TASK TO COMPLETE —
Give back the lines below verbatim, omitting all pictures.

THE DATA —

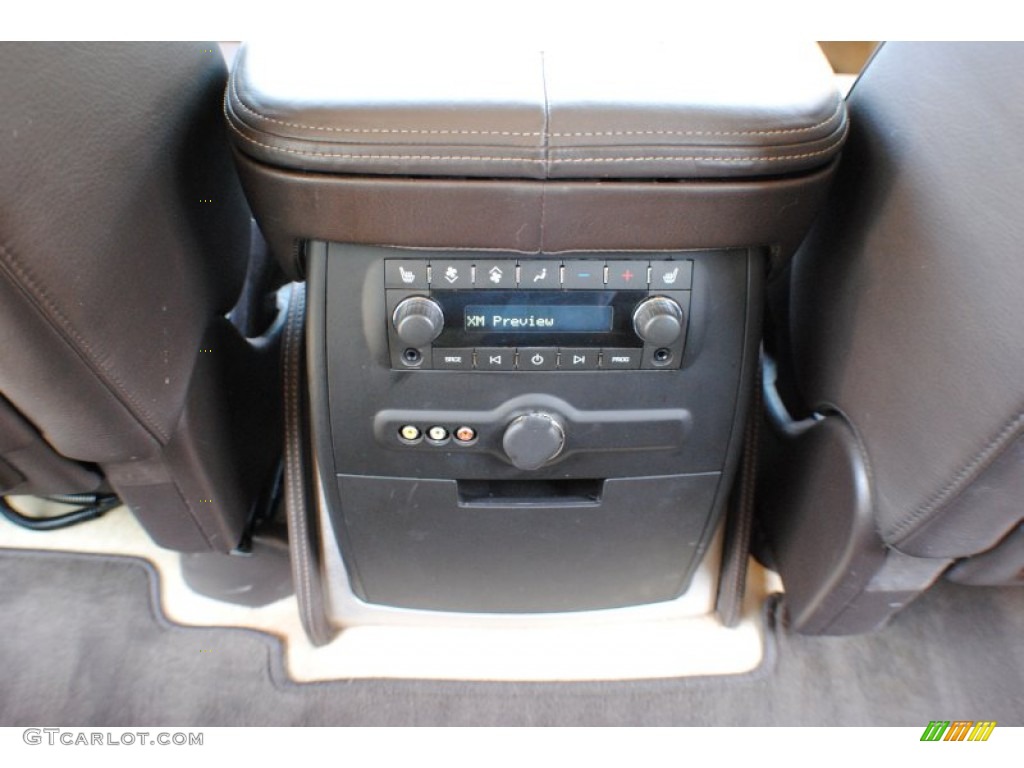 2009 Cadillac Escalade ESV Platinum AWD Controls Photo #68193738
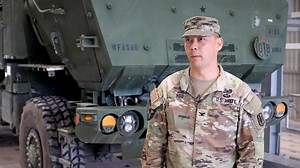 HIMARS Summit interview with U.S. Army Col. Wilbur Hsu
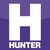 Hunter College logo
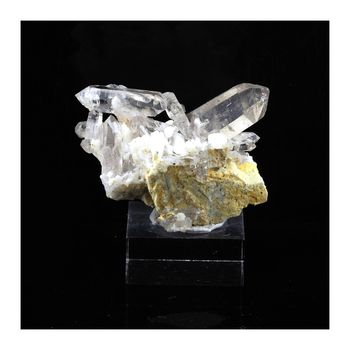 Quartz fumé. 53.6 ct.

RESPONSE —
 2009 Cadillac Escalade ESV Platinum AWD Controls Photo #68193738
 HIMARS Summit interview with U.S. Army Col. Wilbur Hsu
 Hunter College logo
 Quartz fumé. 53.6 ct.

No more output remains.